→ **Problem details**:
Which lines run from the one containing "this 1270×952 image." through the end of the entries? Restate them word for word, and only those.

----------------

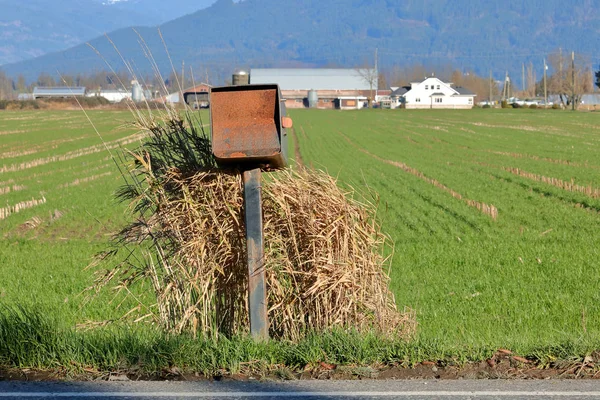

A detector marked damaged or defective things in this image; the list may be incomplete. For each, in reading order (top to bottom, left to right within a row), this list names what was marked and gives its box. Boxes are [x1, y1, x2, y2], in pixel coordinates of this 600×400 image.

rusty metal mailbox [211, 85, 288, 170]
rusted metal surface [211, 85, 288, 170]
rusted metal surface [243, 169, 268, 340]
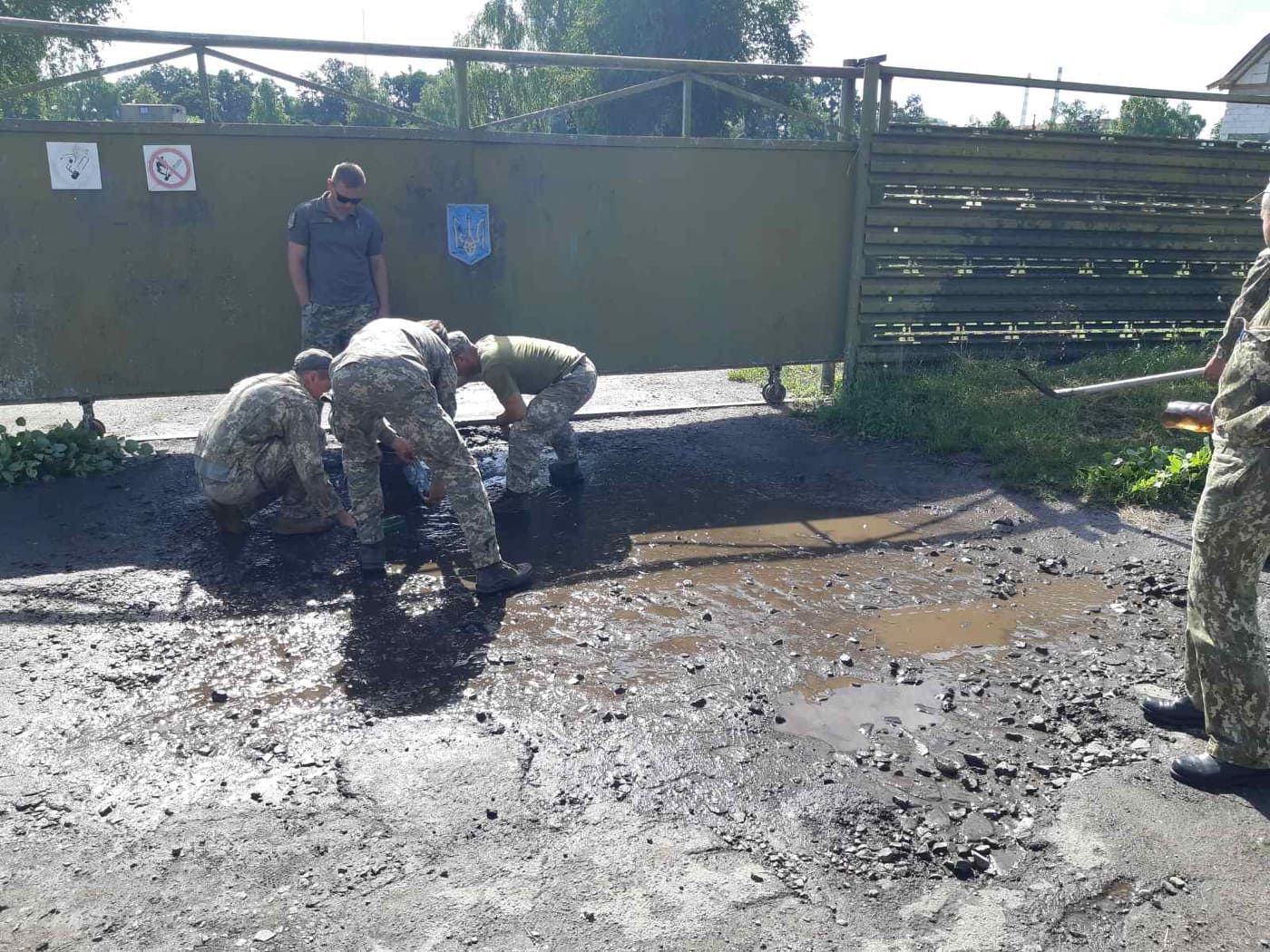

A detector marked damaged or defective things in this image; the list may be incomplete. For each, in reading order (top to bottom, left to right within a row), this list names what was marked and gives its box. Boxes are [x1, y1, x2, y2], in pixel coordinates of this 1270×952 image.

damaged asphalt [2, 403, 1270, 950]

----------------

→ **Your response**:
A detector marked damaged or defective things in this image; the list may be incomplete. For each, in reading order (top to bottom, left to right within a row), this list names what was marked and gives its box. Boxes are [x1, y1, x2, y2], in pixel coordinates of this 1270×952 image.

damaged asphalt [2, 403, 1270, 950]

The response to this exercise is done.